• **What the task asks**: Return every line of the data below word for word, including the punctuation.

• **Working data**:
════════════════════
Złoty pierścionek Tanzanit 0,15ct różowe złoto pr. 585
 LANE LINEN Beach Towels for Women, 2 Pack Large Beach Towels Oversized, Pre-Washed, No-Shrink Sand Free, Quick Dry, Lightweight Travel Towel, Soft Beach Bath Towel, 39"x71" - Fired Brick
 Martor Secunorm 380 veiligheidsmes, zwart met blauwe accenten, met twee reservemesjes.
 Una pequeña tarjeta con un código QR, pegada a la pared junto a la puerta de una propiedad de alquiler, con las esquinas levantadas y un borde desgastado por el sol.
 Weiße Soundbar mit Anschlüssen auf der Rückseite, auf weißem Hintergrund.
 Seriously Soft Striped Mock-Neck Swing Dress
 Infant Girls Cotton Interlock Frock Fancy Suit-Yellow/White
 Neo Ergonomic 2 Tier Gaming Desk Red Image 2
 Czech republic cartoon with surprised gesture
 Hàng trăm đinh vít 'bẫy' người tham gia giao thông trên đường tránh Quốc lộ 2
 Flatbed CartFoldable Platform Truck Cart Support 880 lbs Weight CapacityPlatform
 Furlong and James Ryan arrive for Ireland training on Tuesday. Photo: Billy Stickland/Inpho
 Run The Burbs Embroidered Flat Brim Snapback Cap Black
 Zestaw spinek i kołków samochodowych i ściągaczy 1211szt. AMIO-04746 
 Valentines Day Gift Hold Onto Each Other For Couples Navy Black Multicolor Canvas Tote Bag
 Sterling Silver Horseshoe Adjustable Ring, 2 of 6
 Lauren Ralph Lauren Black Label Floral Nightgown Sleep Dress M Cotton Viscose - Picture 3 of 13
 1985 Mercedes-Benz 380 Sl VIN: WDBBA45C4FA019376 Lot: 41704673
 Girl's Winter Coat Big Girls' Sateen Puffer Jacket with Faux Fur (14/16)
════════════════════
• **Exercise answer**:
Złoty pierścionek Tanzanit 0,15ct różowe złoto pr. 585
 LANE LINEN Beach Towels for Women, 2 Pack Large Beach Towels Oversized, Pre-Washed, No-Shrink Sand Free, Quick Dry, Lightweight Travel Towel, Soft Beach Bath Towel, 39"x71" - Fired Brick
 Martor Secunorm 380 veiligheidsmes, zwart met blauwe accenten, met twee reservemesjes.
 Una pequeña tarjeta con un código QR, pegada a la pared junto a la puerta de una propiedad de alquiler, con las esquinas levantadas y un borde desgastado por el sol.
 Weiße Soundbar mit Anschlüssen auf der Rückseite, auf weißem Hintergrund.
 Seriously Soft Striped Mock-Neck Swing Dress
 Infant Girls Cotton Interlock Frock Fancy Suit-Yellow/White
 Neo Ergonomic 2 Tier Gaming Desk Red Image 2
 Czech republic cartoon with surprised gesture
 Hàng trăm đinh vít 'bẫy' người tham gia giao thông trên đường tránh Quốc lộ 2
 Flatbed CartFoldable Platform Truck Cart Support 880 lbs Weight CapacityPlatform
 Furlong and James Ryan arrive for Ireland training on Tuesday. Photo: Billy Stickland/Inpho
 Run The Burbs Embroidered Flat Brim Snapback Cap Black
 Zestaw spinek i kołków samochodowych i ściągaczy 1211szt. AMIO-04746 
 Valentines Day Gift Hold Onto Each Other For Couples Navy Black Multicolor Canvas Tote Bag
 Sterling Silver Horseshoe Adjustable Ring, 2 of 6
 Lauren Ralph Lauren Black Label Floral Nightgown Sleep Dress M Cotton Viscose - Picture 3 of 13
 1985 Mercedes-Benz 380 Sl VIN: WDBBA45C4FA019376 Lot: 41704673
 Girl's Winter Coat Big Girls' Sateen Puffer Jacket with Faux Fur (14/16)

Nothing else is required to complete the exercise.